> **EXCERPTED RECORDS**

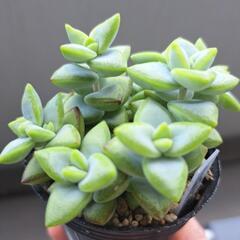 多肉植物　ルペストリスの画像
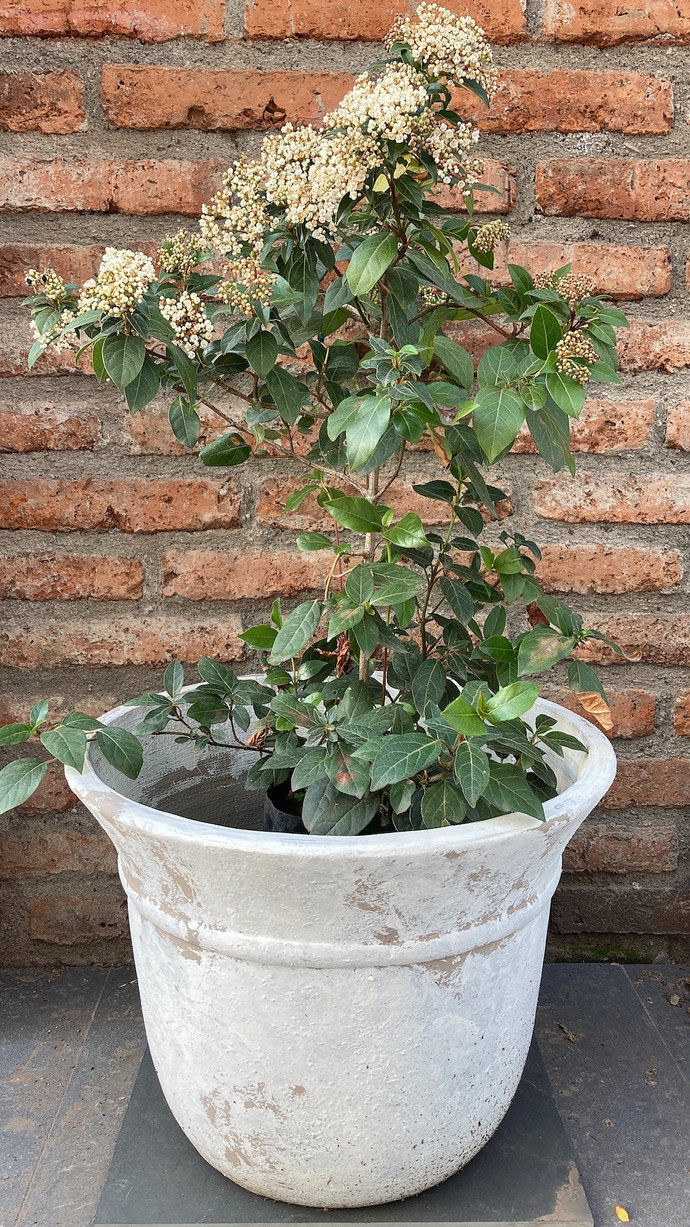 Laurentina - laurentina planta de sol mediana hojas verdes y flores blancas, con macetero blanco de fibra de arcilla 2.jpg.jpg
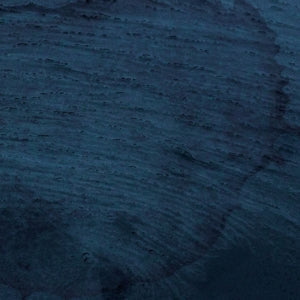 Multicast Dynamics ~ Aquatic System (Vinyl) - Djungel & Jazz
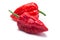 Bhut Jolokia ghost peppers, paths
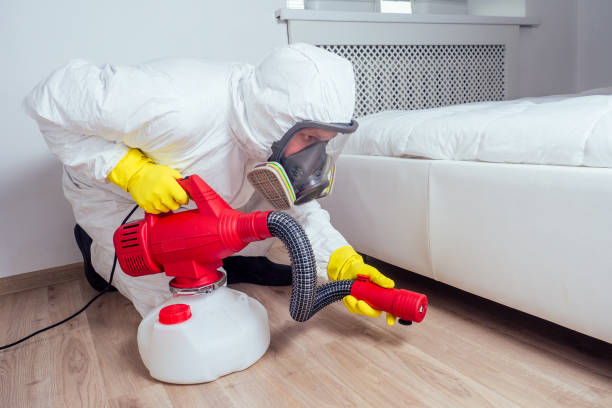 Pest Control Cost in Richmond Hill, GA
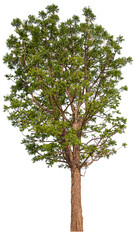 Poster - tree PNG file removed original background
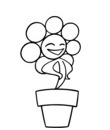 fleur souriante pot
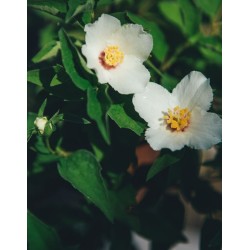 Jazminų Minnesota Snowflake sodinukai su pristatymu į namus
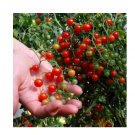 Super Seeds Tomato Currant Red Organic Vegetable Garden 10+ Pcs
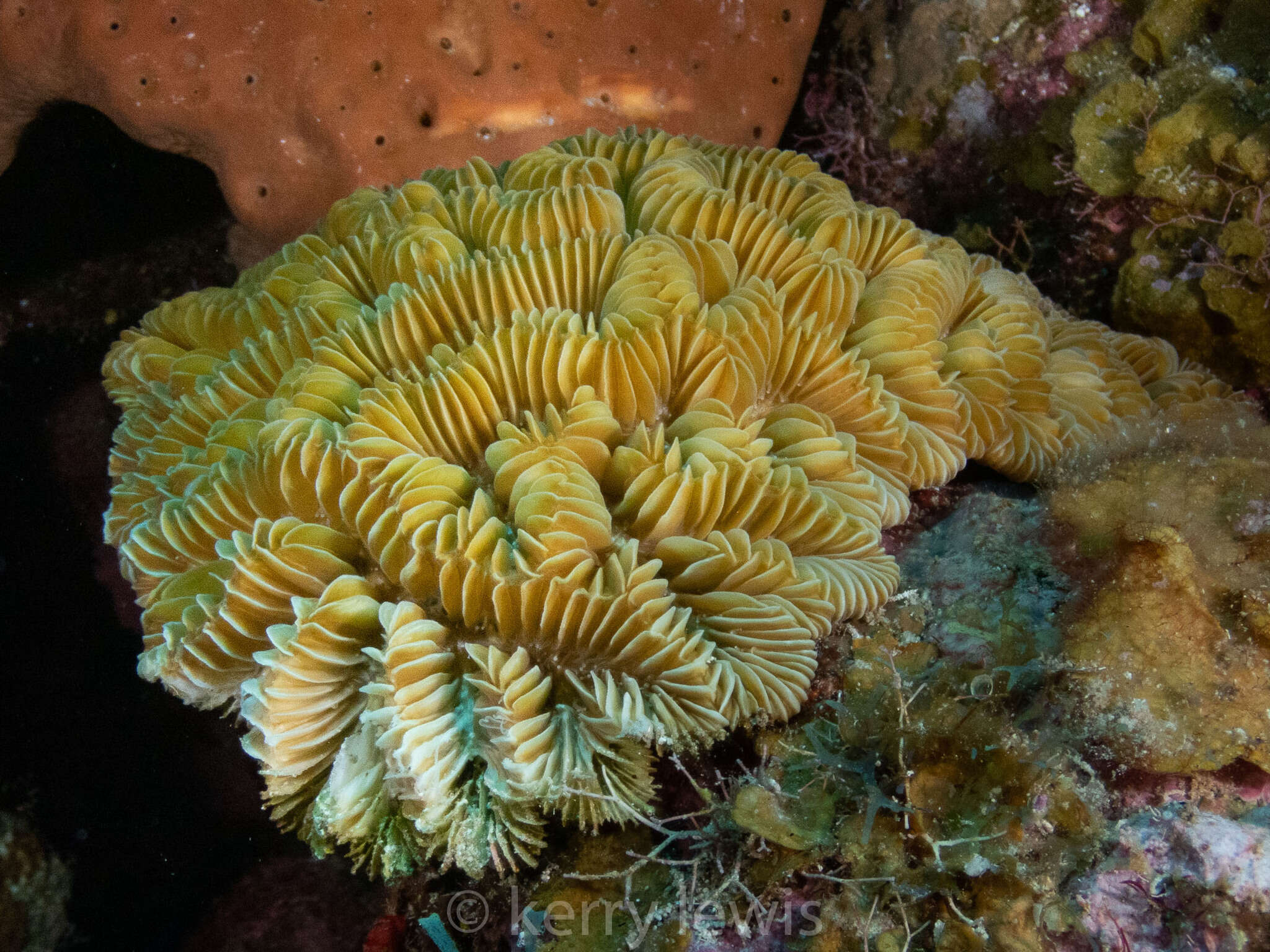 Image of Maze Coral
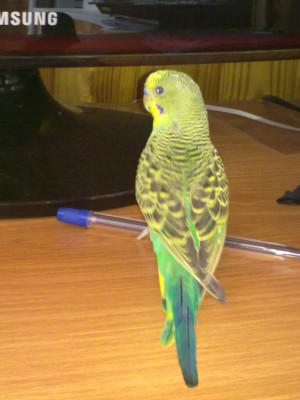 08072010.jpg
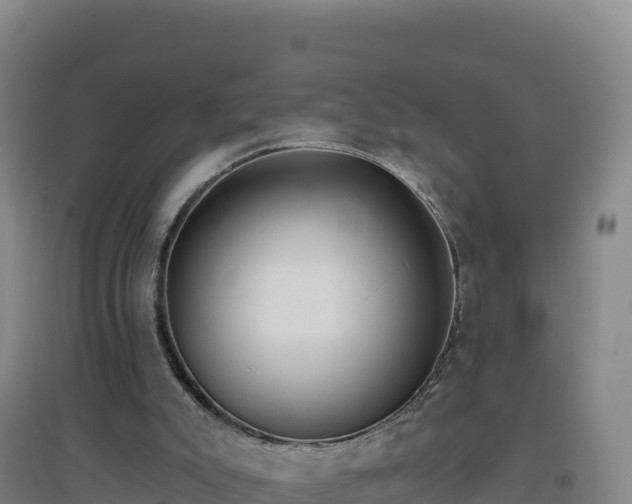 X0000096720007200802121259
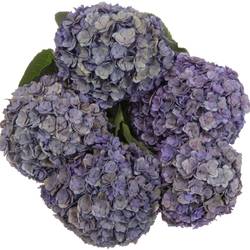 Hortensie lila/dunkel grün Anastasia Cl Bol 21cm 65cm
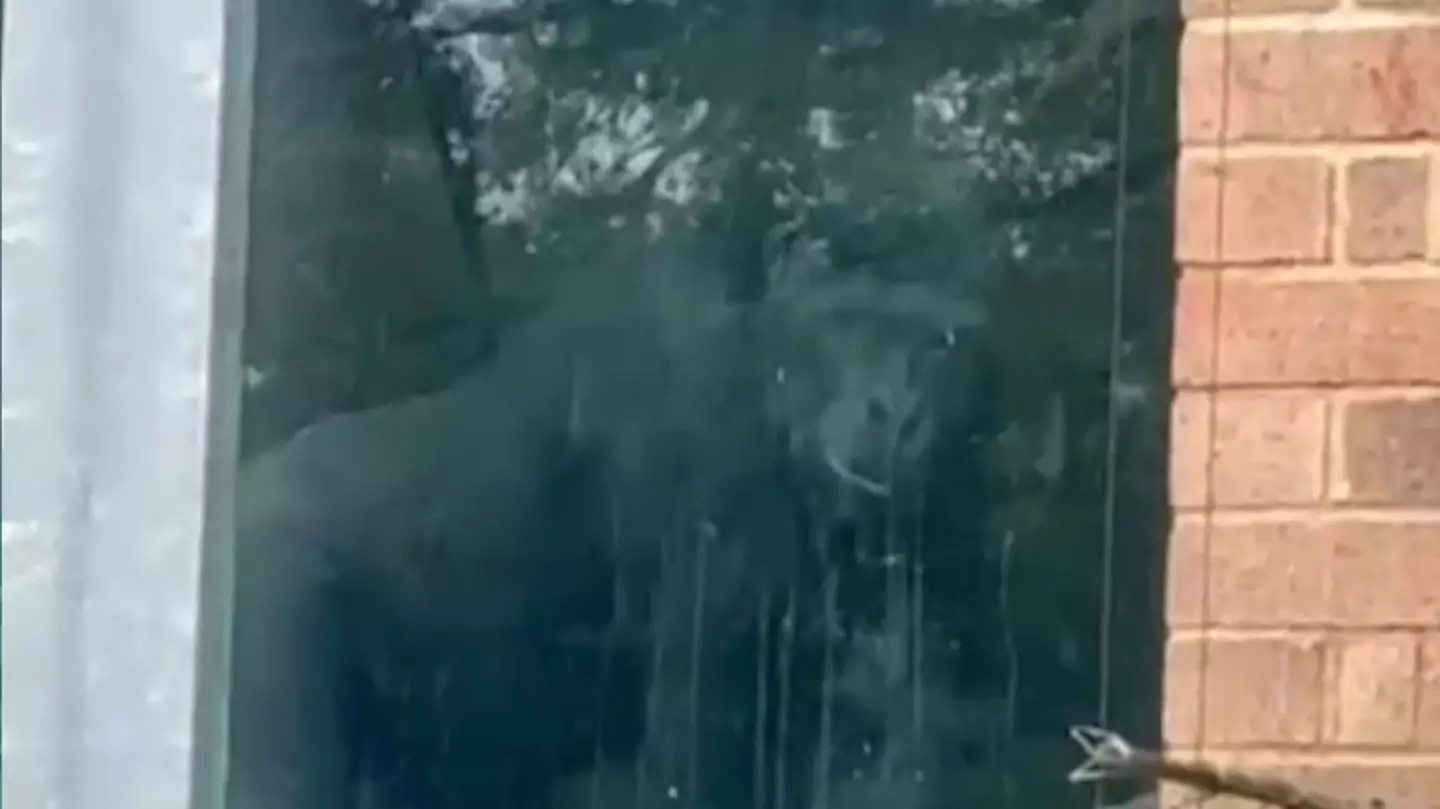 Brit zoo explains how gorillas are cared for after footage showed them banging on windows years after closure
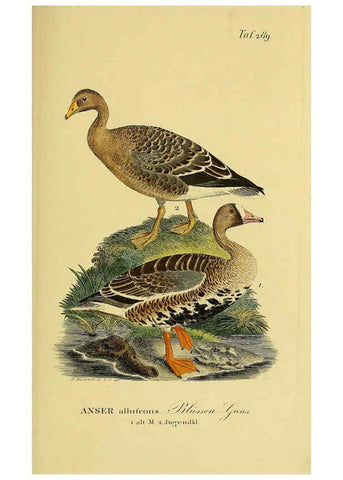 Reproducción/Reproduction 6058921689: Johann Andreas Naumann's ... Naturgeschichte der Vögel Deutschlands, nach einigen Erfahrungen entworfen. 13.T.Plates Leipzig :G. Fleischer,1820-1860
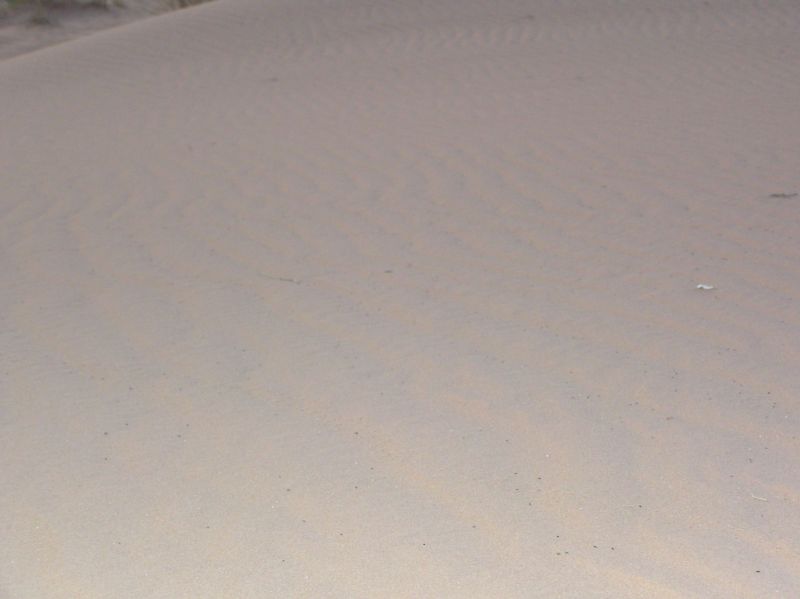 P3311836.JPG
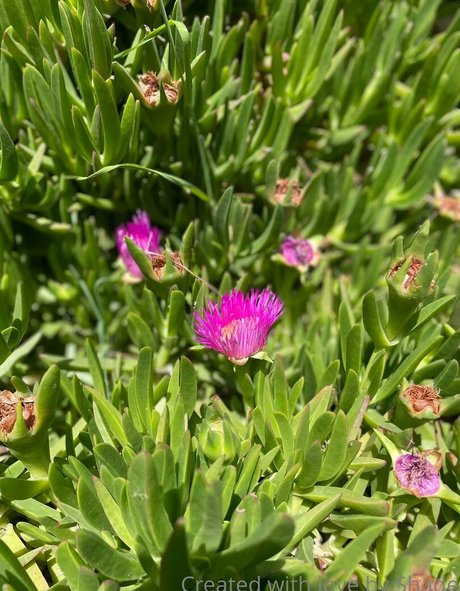 shadeofme high quality model pic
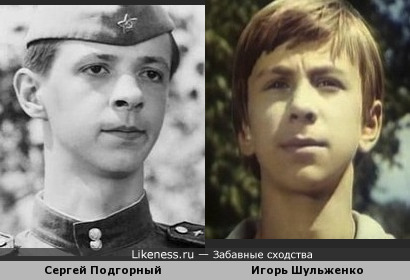 Игорь Шульженко похож на Сергея Подгорного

> **WORK TO COMPLETE**
What is needed is the full material, retyped unchanged, with no pictures in it.

> **EXPECTED OUTPUT**
 多肉植物　ルペストリスの画像
 Laurentina - laurentina planta de sol mediana hojas verdes y flores blancas, con macetero blanco de fibra de arcilla 2.jpg.jpg
 Multicast Dynamics ~ Aquatic System (Vinyl) - Djungel & Jazz
 Bhut Jolokia ghost peppers, paths
 Pest Control Cost in Richmond Hill, GA
 Poster - tree PNG file removed original background
 fleur souriante pot
 Jazminų Minnesota Snowflake sodinukai su pristatymu į namus
 Super Seeds Tomato Currant Red Organic Vegetable Garden 10+ Pcs
 Image of Maze Coral
 08072010.jpg
 X0000096720007200802121259
 Hortensie lila/dunkel grün Anastasia Cl Bol 21cm 65cm
 Brit zoo explains how gorillas are cared for after footage showed them banging on windows years after closure
 Reproducción/Reproduction 6058921689: Johann Andreas Naumann's ... Naturgeschichte der Vögel Deutschlands, nach einigen Erfahrungen entworfen. 13.T.Plates Leipzig :G. Fleischer,1820-1860
 P3311836.JPG
 shadeofme high quality model pic
 Игорь Шульженко похож на Сергея Подгорного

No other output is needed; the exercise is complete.